* _WHAT IS REQUIRED_:
Omit the images and retype the records verbatim.

* _Dataset excerpts_:
-=-=-=-=-
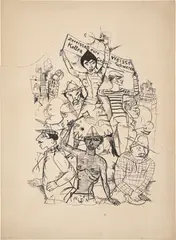 Rudolf Schlichter, Zereisset eure Ketten Weisse Schwarze Gelbe!, Um 1919, Tuschfeder auf zwei unterschiedlich großen, übereinander gefügten gelblichen Papierbögen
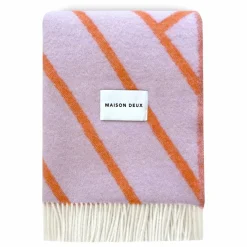 Sale Plaid en laine Lines | Lilas Enfant Linge De Lit Enfant|Linge De Lit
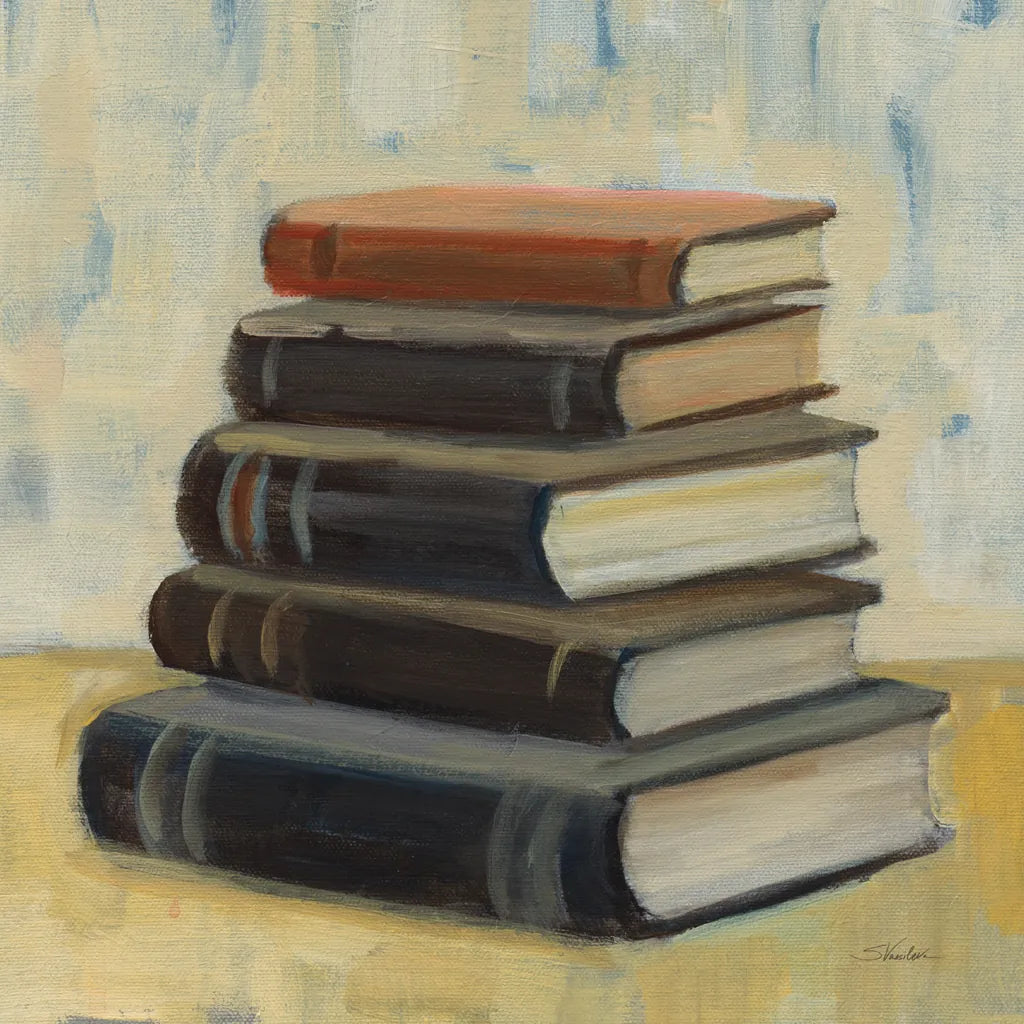 Books on the Porch I Sq by Silvia Vassileva. SKU 99048a. Archival Giclee Fine art print for wall decor.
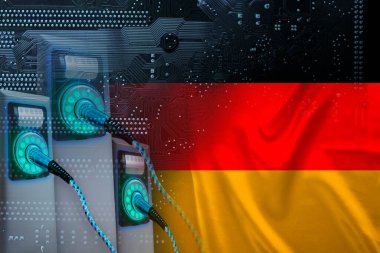 Almanya ulusal bayrağı, şarj istasyonunu yenile, alternatif enerji geliştirme konsepti, elektrikli araç üretimi, küresel iş, 3d illüstrasyon, görüntüleme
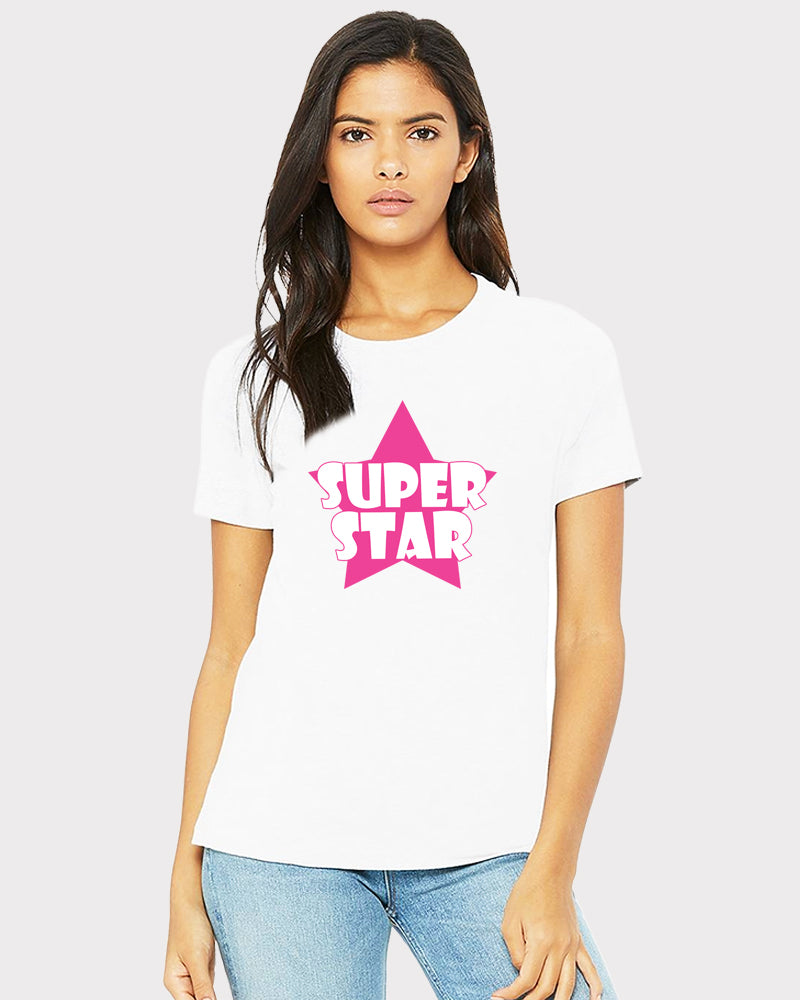 Women's Graphic Printed Premium Cotton White Color T-Shirt - Superstar Graphic Unisex Tee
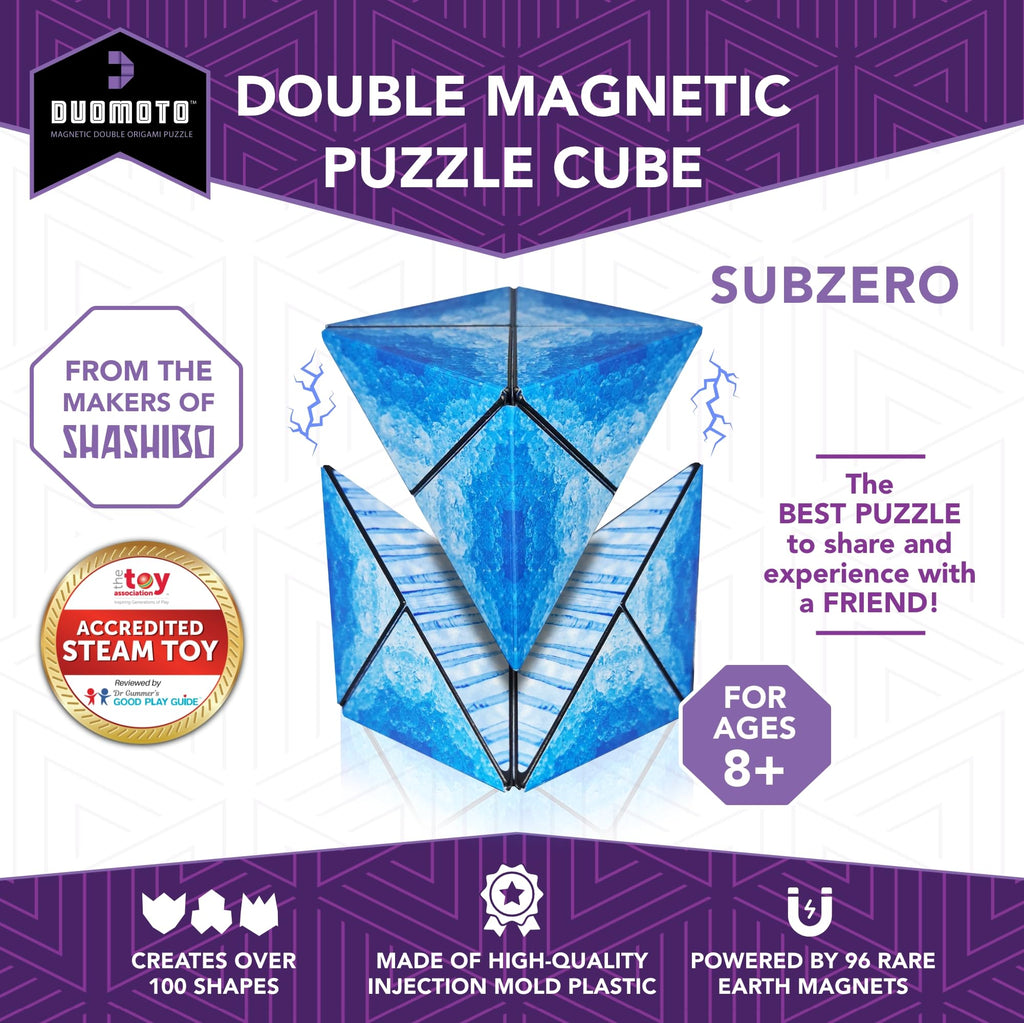 Duomoto Magnetic Transforming Cube – 96 Rare Earth Magnets, Over 100 Shapes, Splits into 2 Moto Cubes – STEAM Puzzle for Ages 8+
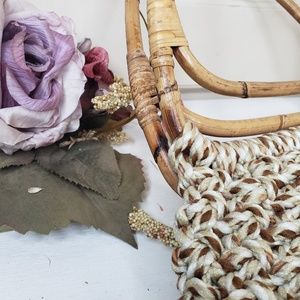 Vintage Macrame Bamboo Boho Purse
-=-=-=-=-
* _COMPLETED EXERCISE_:
 Rudolf Schlichter, Zereisset eure Ketten Weisse Schwarze Gelbe!, Um 1919, Tuschfeder auf zwei unterschiedlich großen, übereinander gefügten gelblichen Papierbögen
 Sale Plaid en laine Lines | Lilas Enfant Linge De Lit Enfant|Linge De Lit
 Books on the Porch I Sq by Silvia Vassileva. SKU 99048a. Archival Giclee Fine art print for wall decor.
 Almanya ulusal bayrağı, şarj istasyonunu yenile, alternatif enerji geliştirme konsepti, elektrikli araç üretimi, küresel iş, 3d illüstrasyon, görüntüleme
 Women's Graphic Printed Premium Cotton White Color T-Shirt - Superstar Graphic Unisex Tee
 Duomoto Magnetic Transforming Cube – 96 Rare Earth Magnets, Over 100 Shapes, Splits into 2 Moto Cubes – STEAM Puzzle for Ages 8+
 Vintage Macrame Bamboo Boho Purse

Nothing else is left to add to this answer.